Exercise> Down to the final line, write out the material beneath exactly, without pictures.

Data block>

• • • • •

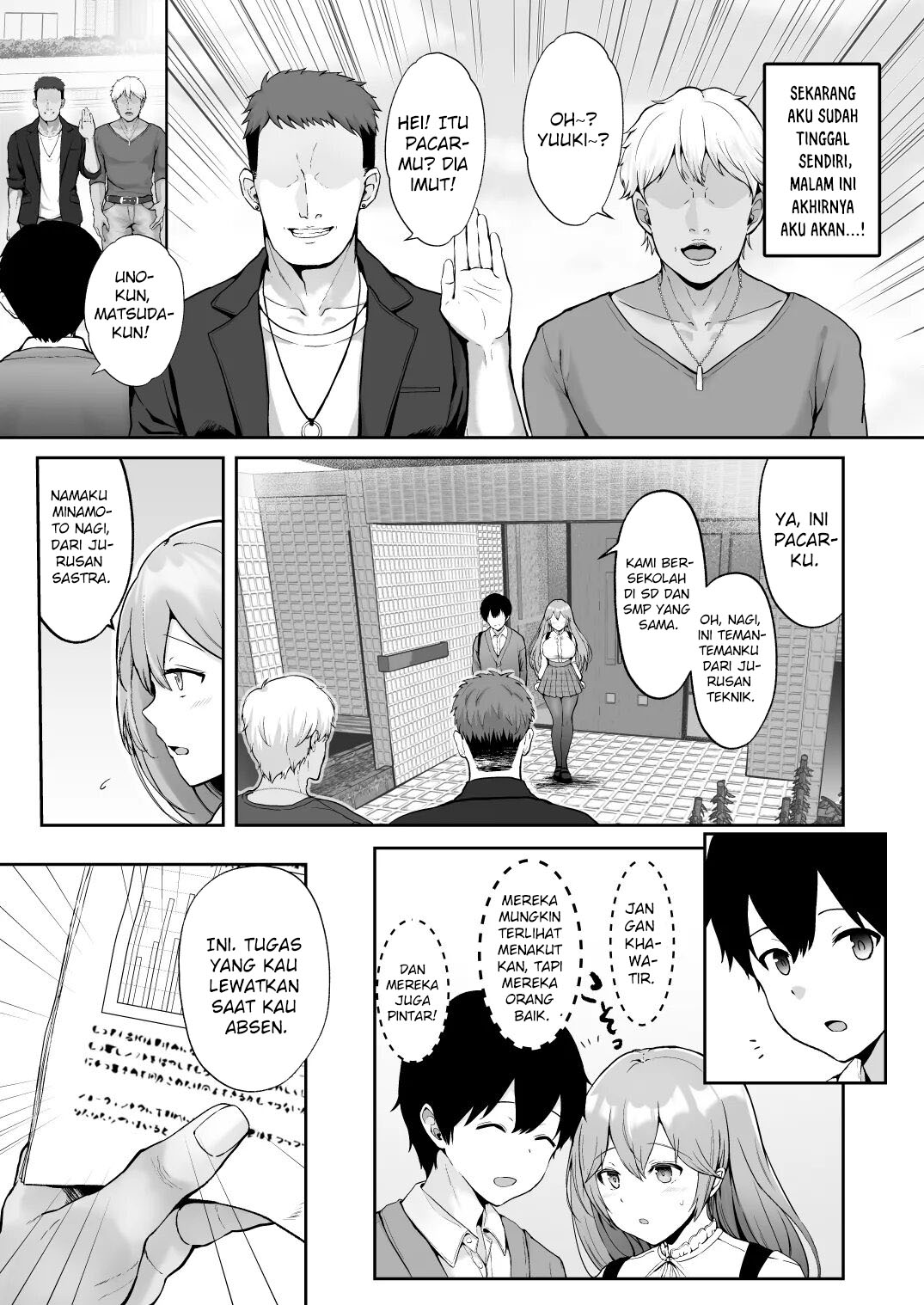 Soshite Kyou mo Moteasobareru - Chapter 1 7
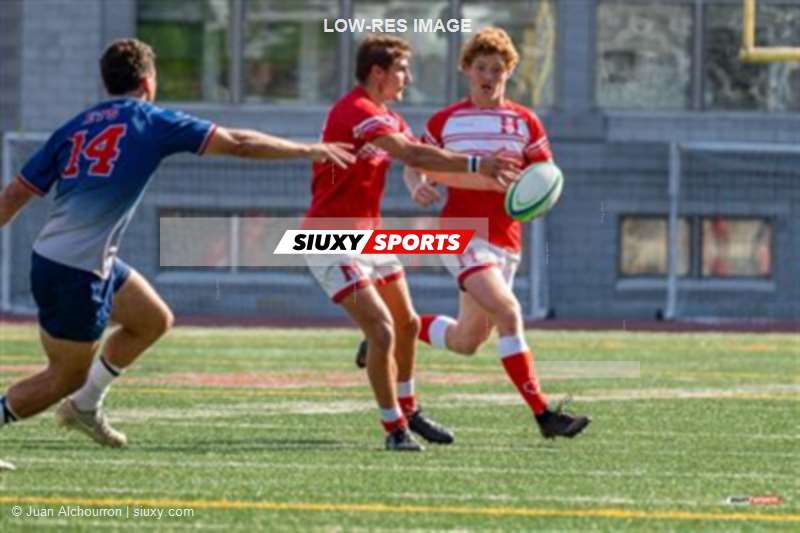RSEQ 2023 RUGBY - McGill Redbirds (3) VS ETS PIRANHAS (20)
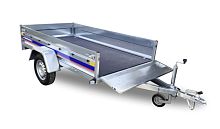 Легкий причіп NIEWIADOW BEG7523U 750 кг.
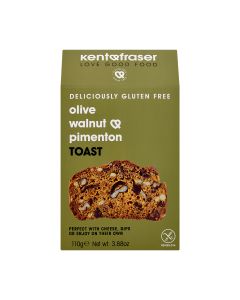 Kent & Fraser - Olive, Walnut & Pimenton Toast - 6 x 110g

• • • • •

Solution>
 Soshite Kyou mo Moteasobareru - Chapter 1 7
RSEQ 2023 RUGBY - McGill Redbirds (3) VS ETS PIRANHAS (20)
 Легкий причіп NIEWIADOW BEG7523U 750 кг.
 Kent & Fraser - Olive, Walnut & Pimenton Toast - 6 x 110g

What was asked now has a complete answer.